The law specifically said the money could not be used to raise dividends or to repurchase shares.
And who owns our stock? The 2007 Survey of Consumer Finances shows us how concentrated stock ownership is:
- 17.9% of households owned STOCKS outright -- that is, outside of mutual funds and retirement accounts.
- Individual stocks represent 7.1% of aggregate household wealth.
- The bottom 50% of us owned 0.6% of the STOCKS
- The next 40% of us owned 9.0% of the STOCKS
- The top 10% of us owned 90.4% of the STOCKS
- The top 1% of us owned 51.9% of the STOCKS
- The next 4% of us owned 30.5% of the STOCKS -- so the top 5% owned 82.4% of the value
- The second 5% of us owned 8.0% of the STOCKS
What about Mutual Funds? (This might include holdings of bonds as well as equities.)
- 11.4% of households held non-money market mutual funds -- NMMF -- in 2007
- NMMF represented 6.3% of aggregate household wealth -- a bit less than STOCKS
- The bottom 50% of us held 0.4% of NMMF
- The next 40% of us held 11.6% of NMMF
- The top 10% owned 88.0% of NMMF
- The top 1% held 46.7% of the NMMF
- The next 4% owned 30.9% of the NMMF -- so the top 5% owned 77.6% of the value
- The second 5% of us owned 10.3% of the value
And how about Retirement Accounts (liquid assets, as opposed to defined benefit pension plans) -- RETQLIQ in the language of the SCF? (This might include holdings of bonds as well as equities.)
- 52.6% of household helpd RETQLIQ
- RETQLIQ represented 13.8% of aggregate household wealth -- roughly equal to the sum of STOCKS and NMMF
- The bottom 50% of us held 3.8% of RETQLIQ -- quite a bit more than their share of STOCKS or NMMF
- The next 40% of us held 36.7% of RETQLIQ
- The top 10% of us held 59.5% of RETQLIQ
- The top 1% of us held 14.5% of RETQLIQ
- The next 4% of us held 28.0% of RETQLIQ -- not as large as their share of either STOCKS or NMMF -- so the top 5% owned 42.5% of these tax-advantaged accounts. For the "next 4" group, RETQLIQ was roughly twice their holdings of STOCKS and NMMF.
- The second 5% owned 16.9% of RETQLIQ
Combining those three groups of assets -- STOCKS, NMMF and RETQLIQ -- we find"
- these assets represented 27.2% of aggregate household wealth
- the bottom 50% of us held 2.2% of these assets
- the next 40% of us held 23.6% of these assets
- the top 10% of us held 74.2% of these assets
- the top 1% held 31.8% of these assets
- the next 4% held 29.3% of these assets, so the top 5% shared 61.1% of the value
- the second 5% held 13.1% of these assets.
But there is one other relevant asset category: Business Equity --- SCF calls it BUS -- the equity in privately held businesses.
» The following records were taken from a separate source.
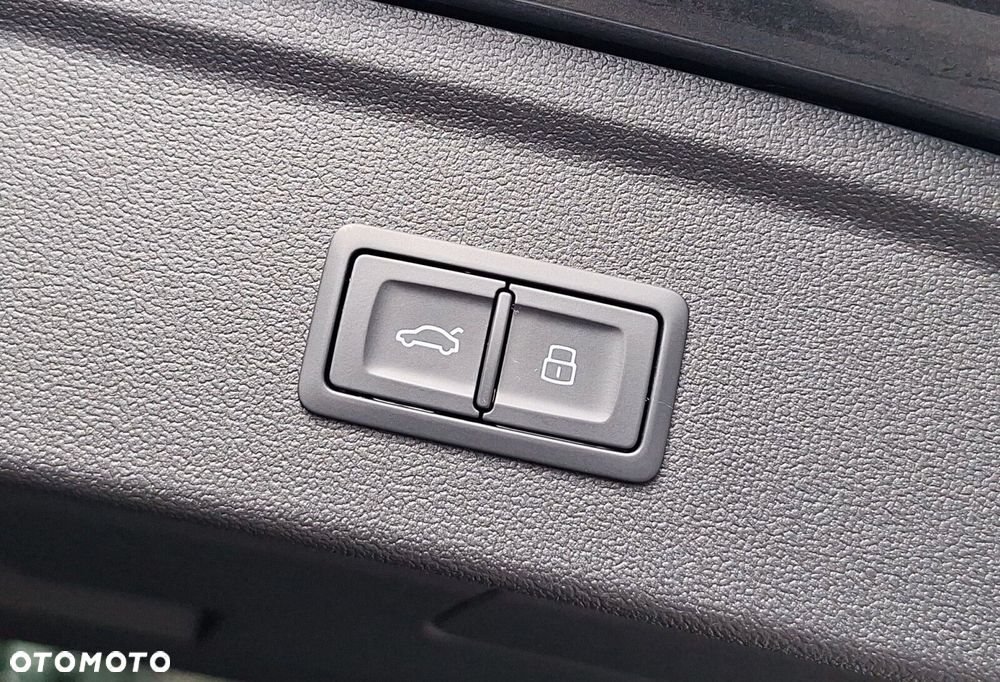 Audi A3 Sportback - 24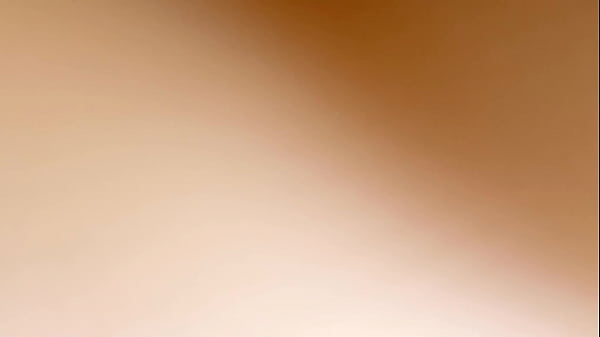 Anderson Indiana couple hardcore sex_homemade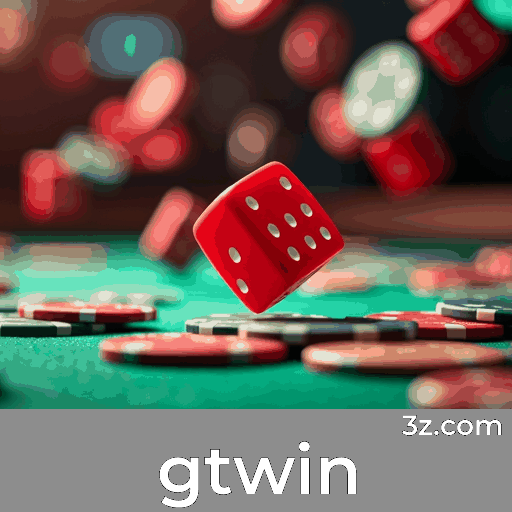 Sistema de Recompensas Multinível, Maximize Seus Ganhos com gtwin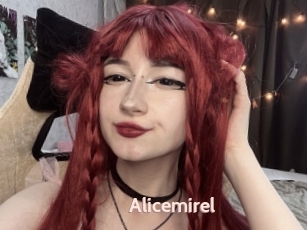 Alicemirel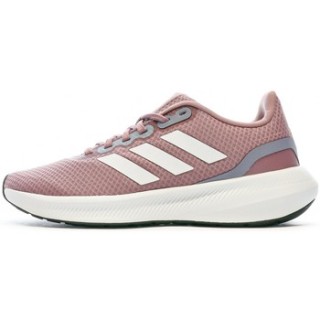 adidas  Herrenschuhe ID2274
This is what some might style "small business," but it clearly includes some very large businesses.
- 12.0% of households have BUS (far fewer than the percentage which report self-employment)
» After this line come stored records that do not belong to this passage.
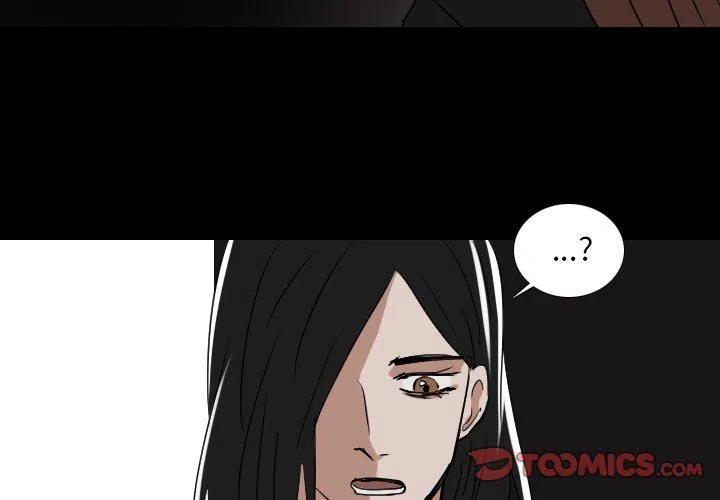 第 56 话2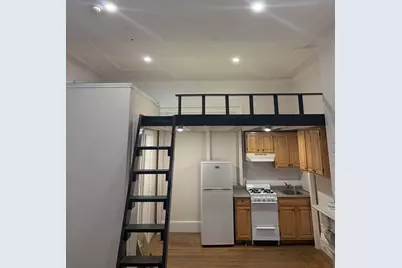 172 Marlborough #1F, Boston, MA 02116 - Photo 1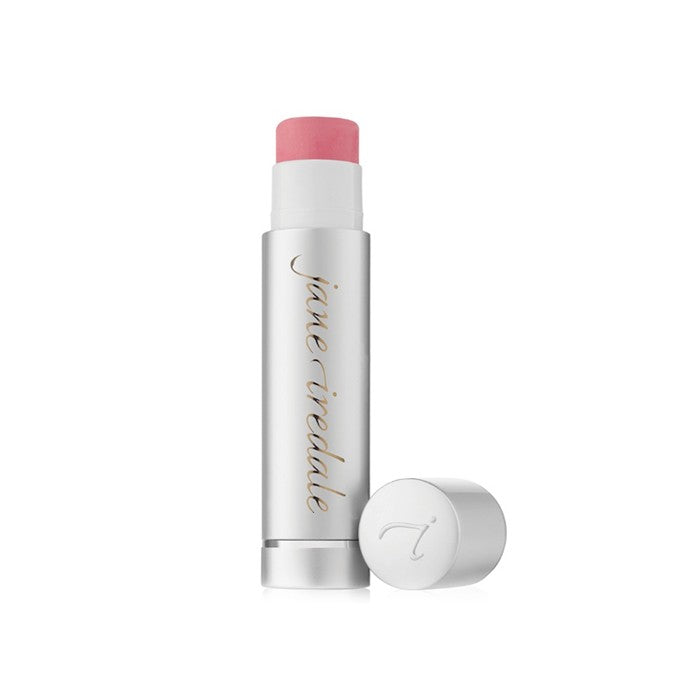 Jane Iredale LipDrink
- BUS represented 23.1% of aggregate household wealth in 2007
- the bottom 50% of us held 0.4% of business equity -- approximately equal to their share of STOCKS and NMMF
- the next 40% of us held 6.0% of BUS -- far below that group's share of STOCKS, NMMF or RETQLIQ
- the top 10% of us held 93.7% of BUS
- the top 1% of us held 62.7% of BUS, and these holdings are about 66% more than their holdings of STOCKS, NMMF and RETQLIQ combined.
- the next 4% of us held 25.5% of BUS, so the top 5% held 88.1% of BUS
- the next 5% of us held 5.5% of BUS.
Combining these four classes of assets -- STOCKS, NMMF, RETQLIQ and BUS, we find this distribution:
- these assets represent 50.3% of household wealth.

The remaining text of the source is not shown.